▶ _Dataset records_
▬▬▬

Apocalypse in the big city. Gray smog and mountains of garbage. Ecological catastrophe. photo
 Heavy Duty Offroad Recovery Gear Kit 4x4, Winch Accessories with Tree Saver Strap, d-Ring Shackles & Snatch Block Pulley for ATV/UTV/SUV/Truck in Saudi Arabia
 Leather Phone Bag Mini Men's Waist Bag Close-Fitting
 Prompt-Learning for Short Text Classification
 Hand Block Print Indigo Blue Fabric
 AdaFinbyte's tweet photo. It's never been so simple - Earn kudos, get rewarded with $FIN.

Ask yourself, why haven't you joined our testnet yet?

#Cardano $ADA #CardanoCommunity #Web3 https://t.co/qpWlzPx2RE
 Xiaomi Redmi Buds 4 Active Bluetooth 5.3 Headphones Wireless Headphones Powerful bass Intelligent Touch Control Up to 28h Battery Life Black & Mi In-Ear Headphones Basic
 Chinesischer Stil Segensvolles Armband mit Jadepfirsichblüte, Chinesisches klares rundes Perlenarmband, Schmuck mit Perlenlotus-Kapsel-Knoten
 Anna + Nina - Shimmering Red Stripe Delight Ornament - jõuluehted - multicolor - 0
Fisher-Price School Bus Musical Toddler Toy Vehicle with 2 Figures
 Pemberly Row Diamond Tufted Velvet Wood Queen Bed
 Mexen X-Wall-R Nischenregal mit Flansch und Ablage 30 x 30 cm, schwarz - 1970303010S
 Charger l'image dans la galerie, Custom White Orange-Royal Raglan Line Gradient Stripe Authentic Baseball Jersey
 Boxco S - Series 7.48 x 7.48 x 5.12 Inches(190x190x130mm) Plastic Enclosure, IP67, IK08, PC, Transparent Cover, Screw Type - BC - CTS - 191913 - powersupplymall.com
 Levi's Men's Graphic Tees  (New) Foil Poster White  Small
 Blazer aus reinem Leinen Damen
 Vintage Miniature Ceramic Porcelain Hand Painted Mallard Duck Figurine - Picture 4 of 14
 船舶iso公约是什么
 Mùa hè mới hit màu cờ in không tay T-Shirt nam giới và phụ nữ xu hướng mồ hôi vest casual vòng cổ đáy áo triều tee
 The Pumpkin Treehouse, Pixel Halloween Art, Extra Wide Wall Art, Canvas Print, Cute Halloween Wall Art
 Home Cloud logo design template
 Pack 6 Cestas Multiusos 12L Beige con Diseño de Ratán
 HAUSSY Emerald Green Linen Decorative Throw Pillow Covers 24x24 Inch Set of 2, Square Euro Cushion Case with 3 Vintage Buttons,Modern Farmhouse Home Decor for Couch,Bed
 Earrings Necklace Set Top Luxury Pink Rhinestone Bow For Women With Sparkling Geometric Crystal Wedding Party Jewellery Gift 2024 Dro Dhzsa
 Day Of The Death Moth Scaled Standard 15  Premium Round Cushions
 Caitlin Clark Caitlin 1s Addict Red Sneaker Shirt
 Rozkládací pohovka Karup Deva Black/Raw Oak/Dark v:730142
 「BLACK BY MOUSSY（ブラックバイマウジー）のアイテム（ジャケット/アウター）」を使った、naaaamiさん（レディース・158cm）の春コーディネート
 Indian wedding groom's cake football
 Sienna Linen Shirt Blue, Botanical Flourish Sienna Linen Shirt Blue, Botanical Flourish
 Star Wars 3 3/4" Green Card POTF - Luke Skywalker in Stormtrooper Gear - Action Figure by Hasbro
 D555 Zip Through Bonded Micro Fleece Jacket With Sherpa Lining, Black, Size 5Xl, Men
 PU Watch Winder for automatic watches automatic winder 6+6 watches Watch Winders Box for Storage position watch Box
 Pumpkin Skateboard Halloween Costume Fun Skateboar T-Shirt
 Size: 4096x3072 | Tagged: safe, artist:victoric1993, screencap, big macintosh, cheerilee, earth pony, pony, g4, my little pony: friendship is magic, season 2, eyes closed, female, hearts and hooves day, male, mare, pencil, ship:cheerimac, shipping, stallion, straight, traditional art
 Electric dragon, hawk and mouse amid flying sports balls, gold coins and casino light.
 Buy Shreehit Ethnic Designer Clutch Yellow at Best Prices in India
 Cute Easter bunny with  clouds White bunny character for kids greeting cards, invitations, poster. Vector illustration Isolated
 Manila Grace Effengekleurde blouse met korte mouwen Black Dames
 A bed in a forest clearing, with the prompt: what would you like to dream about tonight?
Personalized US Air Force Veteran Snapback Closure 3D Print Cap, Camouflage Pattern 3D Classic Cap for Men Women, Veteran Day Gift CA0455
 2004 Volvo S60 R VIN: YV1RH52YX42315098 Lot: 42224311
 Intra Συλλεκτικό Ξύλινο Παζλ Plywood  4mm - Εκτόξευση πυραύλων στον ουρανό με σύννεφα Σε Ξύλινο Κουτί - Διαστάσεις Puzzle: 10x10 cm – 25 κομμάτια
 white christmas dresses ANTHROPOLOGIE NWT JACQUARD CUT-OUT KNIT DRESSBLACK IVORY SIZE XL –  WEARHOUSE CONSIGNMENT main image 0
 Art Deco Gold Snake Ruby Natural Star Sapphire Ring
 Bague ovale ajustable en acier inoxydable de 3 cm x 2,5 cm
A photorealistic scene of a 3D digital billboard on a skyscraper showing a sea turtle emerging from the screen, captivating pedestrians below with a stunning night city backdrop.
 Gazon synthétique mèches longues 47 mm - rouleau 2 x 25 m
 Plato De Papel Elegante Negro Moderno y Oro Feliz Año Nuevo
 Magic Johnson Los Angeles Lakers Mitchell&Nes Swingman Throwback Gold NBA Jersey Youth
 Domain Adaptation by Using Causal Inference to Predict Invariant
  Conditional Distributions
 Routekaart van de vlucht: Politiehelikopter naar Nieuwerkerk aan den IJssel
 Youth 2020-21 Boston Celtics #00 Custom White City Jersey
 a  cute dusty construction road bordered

▬▬▬

Copy whichever lines above contain the string "Gear".

 Heavy Duty Offroad Recovery Gear Kit 4x4, Winch Accessories with Tree Saver Strap, d-Ring Shackles & Snatch Block Pulley for ATV/UTV/SUV/Truck in Saudi Arabia
 Star Wars 3 3/4" Green Card POTF - Luke Skywalker in Stormtrooper Gear - Action Figure by Hasbro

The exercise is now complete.